A team collaborating across national laboratories, universities, and industry has developed a new approach to runtime programming that enables scalable execution of implicitly parallel programs on large-scale machines using distributed dynamic dependence analysis for efficient, on-the-fly computation of dependences. Dynamic control replication distributes dependence analysis by executing multiple copies of an implicitly parallel program while ensuring the copies collectively behave as a single execution. The researchers also presented an asymptotically scalable algorithm for implementing dynamic control replication that maintains the sequential semantics of implicitly parallel programs. Their work was published in the proceedings of PPoPP ‘21, the 26th ACM SIGPLAN Symposium on Principles and Practice of Parallel Programming.
Implicitly parallel programming models, in which apparently sequential programs are automatically parallelized, are becoming increasingly popular as programmers, who often to have limited experience writing explicitly parallel code, attempt to solve computationally difficult problems using massively parallel and distributed machines. This is particularly true for data-centric computing needs across an ever-growing number of marketplaces. Because the number of tasks to be analyzed is generally proportional to the size of the target machine, dependence analysis is expensive at scale, and its apparently sequential nature can make it difficult to parallelize. Implementing their method in Legion runtime, the team showed that dynamic control replication delivers the same programmer productivity as other implicitly parallel programming models, up to 15× better performance, and scalability to hundreds of nodes while supporting arbitrary control flow, data usage, and task execution on any node. These findings are competitive with explicitly parallel programming systems and prove the method’s usefulness with high-performance computing applications including machine learning and deep learning.
This work, which enables users unaccustomed to programming for massive parallelism to tackle computationally difficult programs, represents an important component of a successful, capable exascale computing ecosystem for nontraditional HPC users. The team’s approach also allows data-centric workloads to run significantly faster and outperforms industry standards. Projects such as CANDLE, which applies deep learning techniques to cancer research challenges, are expected to benefit. Follow-on work will provide new optimizations for machine learning workloads using additional forms of parallelism unique for a given network and system architecture, optimization of operators within deep neural networks, and interfaces to productivity-focused programming using languages such as Python and R.

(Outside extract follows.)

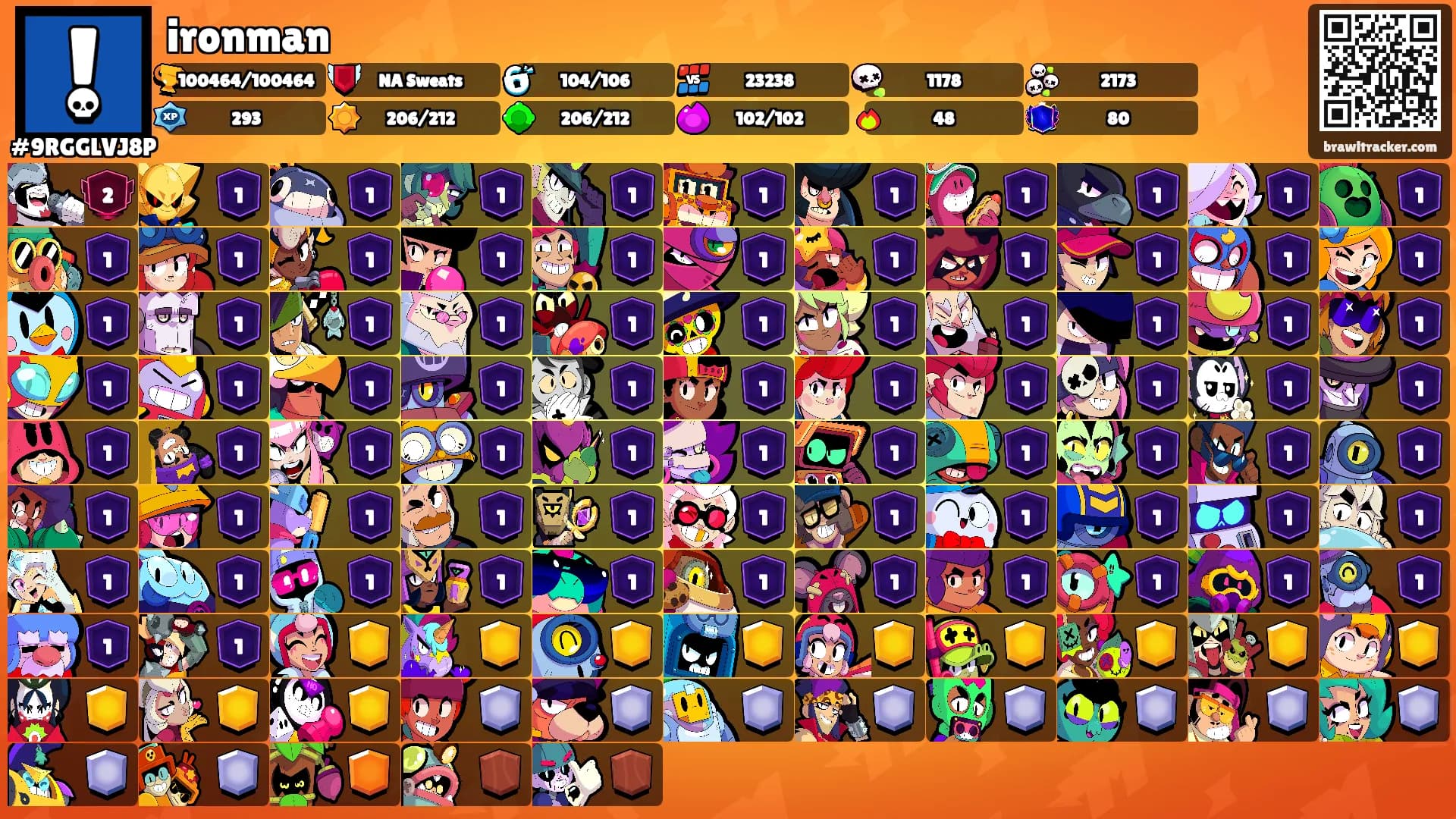 ironman's Ranks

Approaches to implicit parallelism. Static analysis and lazy evaluation centralize analysis and distribute partitioned programs to workers for execution. Dynamic control replication executes a replicated program, dynamically assigns tasks to shards (partitions) of data, and performs an on-the-fly distributed dependence analysis.
Bauer, Michael, Wonchan Lee, Elliott Slaughter, Zhihao Jia, Mario Di Renzo, Manolis Papadakis, Galen Shipman, Patrick McCormick, Michael Garland, and Alex Aiken. “Scaling Implicit Parallelism via Dynamic Control Replication.” 2021. PPoPP ‘21: Proceedings of the 26th ACM SIGPLAN Symposium on Principles and Practice of Parallel Programming (February).